Мак-Клой энергично выругался.
— Я тоже занимался производством людей — и не без успеха, поверьте: две черноглазые дочки и четыре голубоглазых сына — вот мое сальдо за девятнадцать лет супружеской жизни. Но мне не понадобилась для этого постель в две тысячи гектаров. И потребности в электроэнергии я не ощущал, скорее — наоборот: ни разу не забывал выключить лампочку!
Я со скукой пожал плечами.
— Не собираюсь подвергать сомнению качество ваших детей. Но между вашими и моими, машинными, есть разница. Я буду выпускать людей в массовом масштабе, на конвейере, и притом с заранее заданными свойствами. Надеюсь вы не собираетесь оспаривать, что ваше крохотное семейное производство не больше чем работа вслепую. Вы заранее не знаете даже, кто получится, мальчик или девочка, не говоря уж о таких важнейших элементах, как цвет волос и глаз, влечения и рост, приспособленность к жизни, политические взгляды и прочее.
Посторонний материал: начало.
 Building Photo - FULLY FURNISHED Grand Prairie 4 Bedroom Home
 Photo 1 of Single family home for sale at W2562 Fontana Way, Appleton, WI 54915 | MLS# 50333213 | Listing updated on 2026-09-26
Средневековая кустарщина, Мак-Клой, просто не понимаю, как в наш век поточного машинного производства вы, признанный мастер современной индустрии, осмеливаетесь хвастаться жалкой ручной работой. И вообще, я обращаю ваше внимание, джентльмены, на то, что мои машинные создания представляют собой материализованную мысль, получившую на заводе человекоподобное оформление. В наш век материалистического безбожия это тоже кое-чего стоит.
— Стоит! Стоит! — любовно поскрипывал О'Брайен, не отрывая от меня восхищенных глаз. От него исходил сладковатый запах восторга. — Это кощунство, Мак-Клой, сравнивать своих неудачных личных деток с конвейерными созданиями нашей компании. Даже Джон, самый сильный из ваших сыновей, не простоял бы и двух раундов против Джойса. Что до меня, то я требую, чтобы профессор Крен придал человекоподобным свое личное подобие. Вы меня понимаете, Гопкинс? А вы, Мак-Клой? Хи-хи-хе! По десяти в ряд Крены шагают из ворот завода — один к одному красавцы и силачи. Огромная колонна, не иссякающая ни днем ни ночью, — и все на ринг, на ринг! Вот это будет зрелище, говорю вам! Такого кулачного боя человечество не видывало.
Я посмотрел на Гопкинса. Решение зависело от него. Гопкинс уперся гвоздями глаз в стол. Мне показалось, что дерево прогибается под его взглядом: Гопкинс передвигал мысли с усилием, как рычаги. Если бы у меня нашелся радиоскоп, я различил бы в его голове скрип приближающихся и отодвигаемых мыслей.